__Brief descriptive captions__.

= = = =

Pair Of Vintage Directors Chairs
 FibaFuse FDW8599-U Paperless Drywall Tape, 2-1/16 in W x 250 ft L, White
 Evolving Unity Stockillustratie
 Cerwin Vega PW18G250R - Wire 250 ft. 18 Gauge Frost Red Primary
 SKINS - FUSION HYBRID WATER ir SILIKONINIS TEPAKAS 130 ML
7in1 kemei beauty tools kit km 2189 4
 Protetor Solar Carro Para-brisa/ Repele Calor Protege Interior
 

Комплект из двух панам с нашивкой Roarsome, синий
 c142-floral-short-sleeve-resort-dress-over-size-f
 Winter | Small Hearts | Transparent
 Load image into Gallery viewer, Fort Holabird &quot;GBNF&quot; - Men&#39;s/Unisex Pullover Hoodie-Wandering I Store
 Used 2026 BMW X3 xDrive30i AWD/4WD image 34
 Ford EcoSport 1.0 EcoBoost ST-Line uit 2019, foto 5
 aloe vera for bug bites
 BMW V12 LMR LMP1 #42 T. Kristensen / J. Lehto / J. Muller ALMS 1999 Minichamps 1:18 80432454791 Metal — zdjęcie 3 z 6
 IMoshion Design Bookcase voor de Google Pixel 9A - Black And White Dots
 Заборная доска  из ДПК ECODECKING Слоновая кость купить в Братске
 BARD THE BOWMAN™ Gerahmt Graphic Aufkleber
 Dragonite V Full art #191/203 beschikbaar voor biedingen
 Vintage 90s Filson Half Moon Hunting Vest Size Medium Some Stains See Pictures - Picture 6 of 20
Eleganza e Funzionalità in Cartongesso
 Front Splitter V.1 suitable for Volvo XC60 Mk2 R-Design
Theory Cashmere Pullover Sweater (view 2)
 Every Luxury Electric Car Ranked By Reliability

= = = =

__WHAT YOU ARE ASKED TO DO__. What is needed is an exact copy of the entries from their first line down to the line with "Dragonite V Full", that line included, and nothing beyond it.

__SOLUTION TO THIS PROBLEM__.
Pair Of Vintage Directors Chairs
 FibaFuse FDW8599-U Paperless Drywall Tape, 2-1/16 in W x 250 ft L, White
 Evolving Unity Stockillustratie
 Cerwin Vega PW18G250R - Wire 250 ft. 18 Gauge Frost Red Primary
 SKINS - FUSION HYBRID WATER ir SILIKONINIS TEPAKAS 130 ML
7in1 kemei beauty tools kit km 2189 4
 Protetor Solar Carro Para-brisa/ Repele Calor Protege Interior
 

Комплект из двух панам с нашивкой Roarsome, синий
 c142-floral-short-sleeve-resort-dress-over-size-f
 Winter | Small Hearts | Transparent
 Load image into Gallery viewer, Fort Holabird &quot;GBNF&quot; - Men&#39;s/Unisex Pullover Hoodie-Wandering I Store
 Used 2026 BMW X3 xDrive30i AWD/4WD image 34
 Ford EcoSport 1.0 EcoBoost ST-Line uit 2019, foto 5
 aloe vera for bug bites
 BMW V12 LMR LMP1 #42 T. Kristensen / J. Lehto / J. Muller ALMS 1999 Minichamps 1:18 80432454791 Metal — zdjęcie 3 z 6
 IMoshion Design Bookcase voor de Google Pixel 9A - Black And White Dots
 Заборная доска  из ДПК ECODECKING Слоновая кость купить в Братске
 BARD THE BOWMAN™ Gerahmt Graphic Aufkleber
 Dragonite V Full art #191/203 beschikbaar voor biedingen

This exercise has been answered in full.